Short summarized the NGS-based MRD findings from his ALL study presented at the 2020 ASH Annual Meeting.
In an interview with CancerNetwork, Nicholas J. Short, MD, of the University of Texas MD Anderson Cancer Center, discussed the findings from his study presented at the 2020 American Society of Hematology (ASH) Annual Meeting.
So, we were interested in looking at a more highly sensitive MRD assay. And in this case, we looked at next generation sequencing based MRD, which has a sensitivity down to 10 to the minus 6. And typically, in this population, in Philadelphia chromosome negative B cell ALL, we use flow cytometry, this has about 2 log deeper sensitivity. We looked at patients who received any frontline therapy, including lower intensity therapy or more intensive therapy, like with hyper-CVAD.
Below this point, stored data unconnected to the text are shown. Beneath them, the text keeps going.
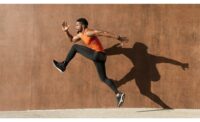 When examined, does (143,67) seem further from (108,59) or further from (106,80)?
(106,80)

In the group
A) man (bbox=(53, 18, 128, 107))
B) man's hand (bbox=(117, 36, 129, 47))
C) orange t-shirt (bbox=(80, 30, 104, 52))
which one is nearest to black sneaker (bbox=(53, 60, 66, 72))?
man (bbox=(53, 18, 128, 107))

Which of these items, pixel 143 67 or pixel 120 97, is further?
pixel 143 67

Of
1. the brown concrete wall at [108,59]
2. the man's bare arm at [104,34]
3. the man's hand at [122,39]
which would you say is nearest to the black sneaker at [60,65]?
the brown concrete wall at [108,59]

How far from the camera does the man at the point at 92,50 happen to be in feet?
37.3

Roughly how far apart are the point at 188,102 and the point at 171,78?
0.53 meters

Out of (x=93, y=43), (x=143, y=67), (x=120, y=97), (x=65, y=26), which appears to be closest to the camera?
(x=120, y=97)

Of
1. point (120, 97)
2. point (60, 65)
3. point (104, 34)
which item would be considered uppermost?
point (104, 34)

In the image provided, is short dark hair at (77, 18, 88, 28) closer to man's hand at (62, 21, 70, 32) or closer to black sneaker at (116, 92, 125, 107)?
man's hand at (62, 21, 70, 32)

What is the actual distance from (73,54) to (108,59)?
2.55ft

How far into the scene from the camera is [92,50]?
1145 centimetres

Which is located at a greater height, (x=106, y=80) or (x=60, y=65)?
(x=60, y=65)

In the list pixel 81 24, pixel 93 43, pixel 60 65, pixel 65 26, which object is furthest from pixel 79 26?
pixel 60 65

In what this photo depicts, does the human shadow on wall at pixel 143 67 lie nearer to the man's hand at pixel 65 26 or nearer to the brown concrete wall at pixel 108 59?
the brown concrete wall at pixel 108 59

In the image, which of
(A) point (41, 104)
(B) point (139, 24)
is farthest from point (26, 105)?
(B) point (139, 24) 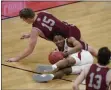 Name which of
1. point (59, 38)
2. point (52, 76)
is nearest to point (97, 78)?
point (52, 76)

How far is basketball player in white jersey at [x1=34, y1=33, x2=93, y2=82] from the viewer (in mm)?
4285

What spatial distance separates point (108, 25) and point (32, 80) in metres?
1.97

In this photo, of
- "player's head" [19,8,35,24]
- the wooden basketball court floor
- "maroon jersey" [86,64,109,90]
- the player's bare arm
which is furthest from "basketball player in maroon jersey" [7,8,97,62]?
"maroon jersey" [86,64,109,90]

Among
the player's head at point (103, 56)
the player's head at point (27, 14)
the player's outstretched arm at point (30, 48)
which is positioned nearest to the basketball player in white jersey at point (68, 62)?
the player's outstretched arm at point (30, 48)

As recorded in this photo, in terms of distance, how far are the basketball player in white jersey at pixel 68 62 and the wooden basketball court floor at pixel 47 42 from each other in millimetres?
71

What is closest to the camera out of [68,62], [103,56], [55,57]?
[103,56]

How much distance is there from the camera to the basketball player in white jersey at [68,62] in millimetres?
4285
And we found is that in about 30 to 50% of cases who are otherwise seemingly MRD, negative by flow, we can still detect residual disease by this highly sensitive NGS MRD assay. And importantly, they seem to correlate with clinical outcomes. So those patients who were negative for MRD by this NGS MRD assay, had very low rates of relapse, and excellent long-term survival versus those patients. Obviously, those who are MRD positive by flow, as we already know, had poor outcomes, but those who were MRD negative by flow, but MRD positive by the NGS MRD assay still had suboptimal outcomes. So, the overall conclusion is that this MRD assay may be able to either replace or at least be used in combination with standard MRD measures like flow cytometry.